In such cases, employees rightly feel pushed aside by technology. Their talent, knowledge and dedication are wasted, and nothing is improved.
To achieve a real benefit, the technology has to help people boost productivity in their current tasks.
To find the right balance between technology and people in industry, Professor Dhondt says there are four crucial conditions: safety, skills, people-oriented technology, and participation. In particular, participation is needed to generate real productivity gains. After all, employees who work with production processes or machines every day know better than anyone else how things work. This means it is important to have employees from all levels of the organization participate in the implementation of technology. A perfect logical data model built by the best data analysts can always be better if it integrates real-life experience.
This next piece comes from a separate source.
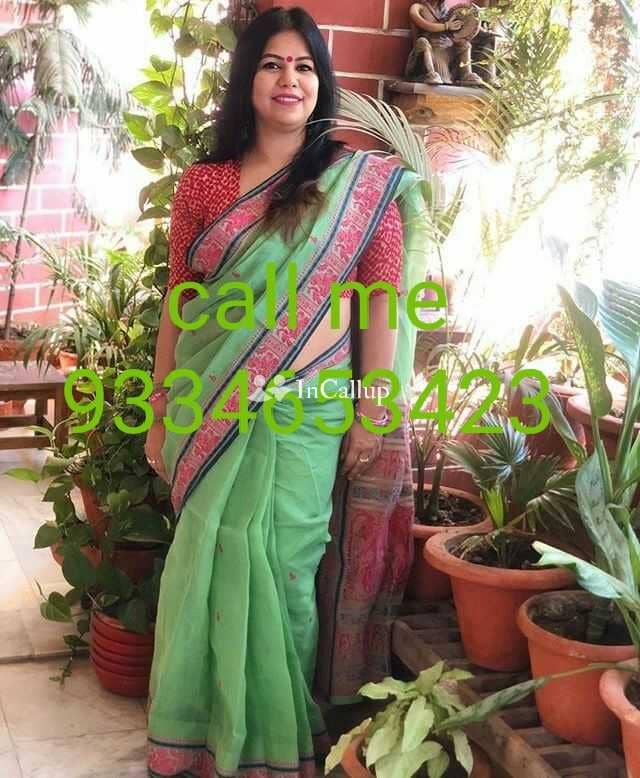 Madhu Agarwal female real genuine independent VIP top model college girls 24 hour available - Call Girls in Jaipur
Involving employees from the beginning also creates more buy-in, for example when looking for new solutions. The changes employees go through also need attention. Forcing something on them rarely works. Even after implementation, it is important to make room for input. New opportunities may be spotted when people use the technology every day. As an organization, you need to constantly encourage this dialogue, so that together you can keep looking for the best added value from technology within your organization.
Industry 4.0 was about connected machines and using automation to reduce staff levels. Now we are evolving more and more towards Industry 5.0, where the main focus is on cooperation between people and machines,
but we still think that technology should work autonomously. Professor Dhondt also says we should not lose sight of support. Go for technology that makes complex tasks easier, so that people can learn faster, make fewer mistakes, and work in a healthy, efficient manner. Always think in terms of people. Where can technology provide support, instead of simply replacing an employee? If the work environment is too hot, for example, this is a perfect place for a robot.
Only 9% of companies in Belgium can be regarded as digital leaders. In practice, there is lot of hesitation and doubt when it comes to experimenting with new technology. At the roundtable we hear that this is difficult on the shop floor, where every hour of every worker is needed.
So how can you do this? Talk to people, ask questions, find out how to help them, and ask whether they have any ideas. When you set up an experiment, be honest about expectations. Whenever you try something new, it may not work. Motivation suffers less if everyone starts with this mindset.